[Activity]:
For the lines from the one with "Лот: 10346324. Фото: 1." to the end of the listing below, both ends included, give an exact copy and nothing more. Do not copy pictures.

[Data for this task]:
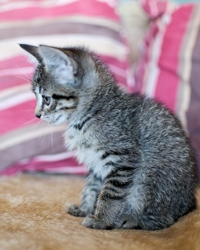 [picture of Shirley, a Domestic Short Hair tabby cat]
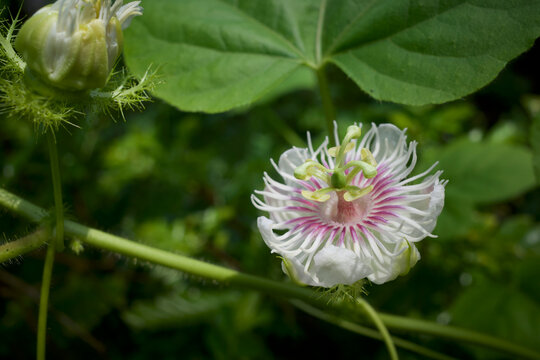 Close up of a Markisa flower, Passion fruit, Passiflora edulis f. flavicarpa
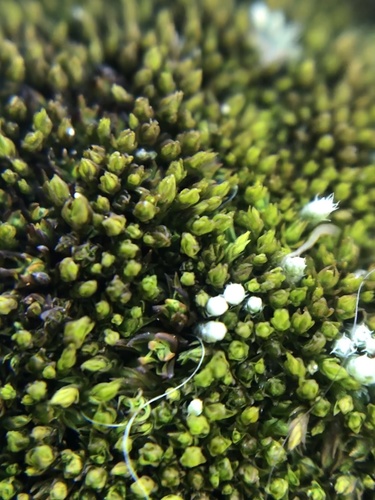 Bryum (alternate view 7)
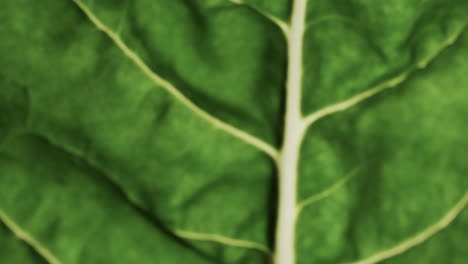 micro vídeo de primer plano de la hoja verde con espacio de copia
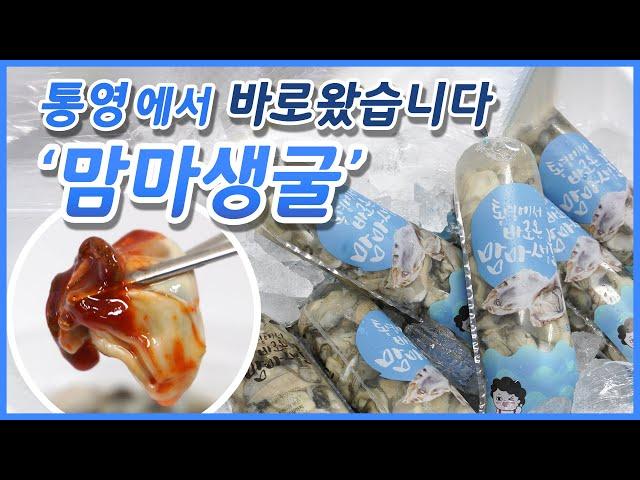 통영에서 바로 왔습니다! 최상급 산지직송 맘마생굴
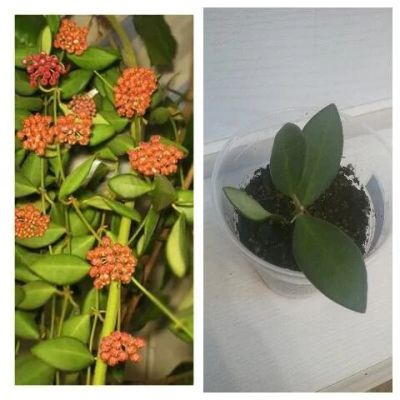 Лот: 10346324. Фото: 1. Хойя Тсанги (Hoya tsangii DS-70... Горшечные растения и комнатные цветы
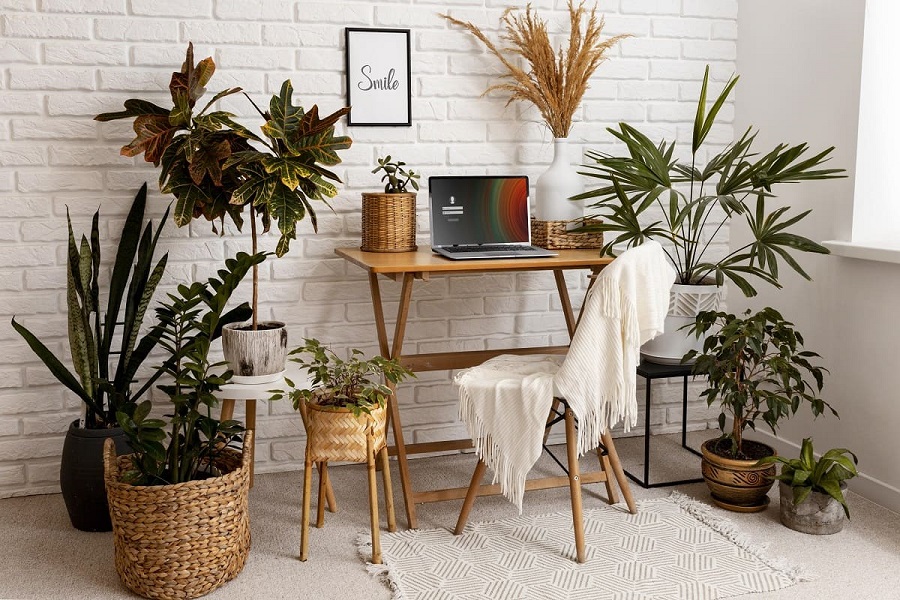 interior-design-with-wooden-furniture-plants (1).jpg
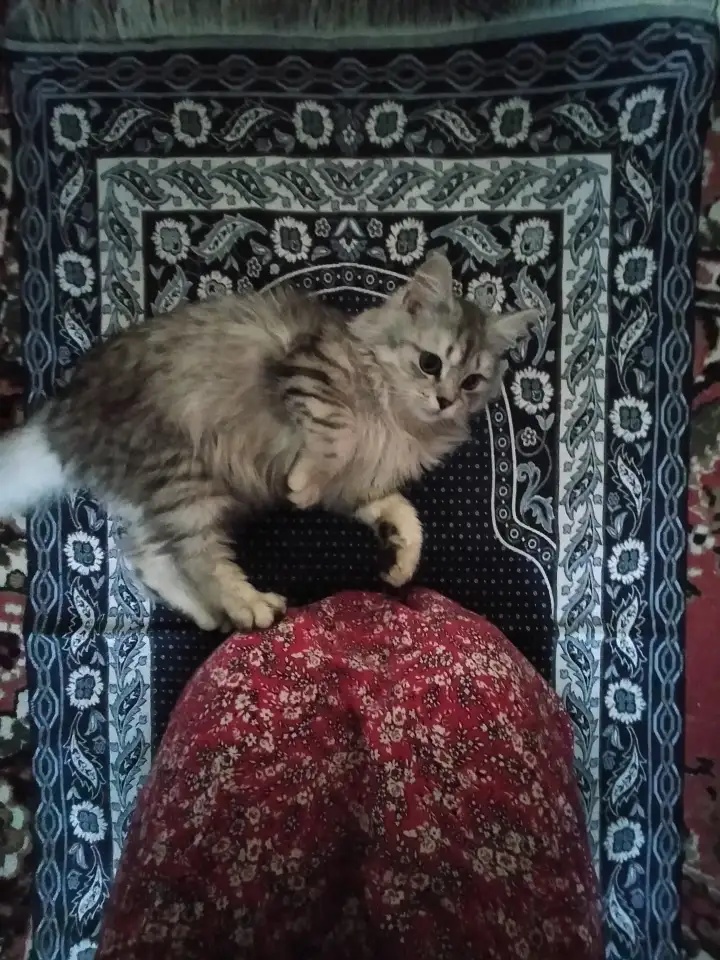 Шотландский прямоухий, фотография 4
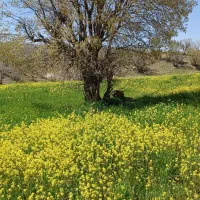 زمین گلخانه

[Answer to this task]:
 Лот: 10346324. Фото: 1. Хойя Тсанги (Hoya tsangii DS-70... Горшечные растения и комнатные цветы
 interior-design-with-wooden-furniture-plants (1).jpg
 Шотландский прямоухий, фотография 4
 زمین گلخانه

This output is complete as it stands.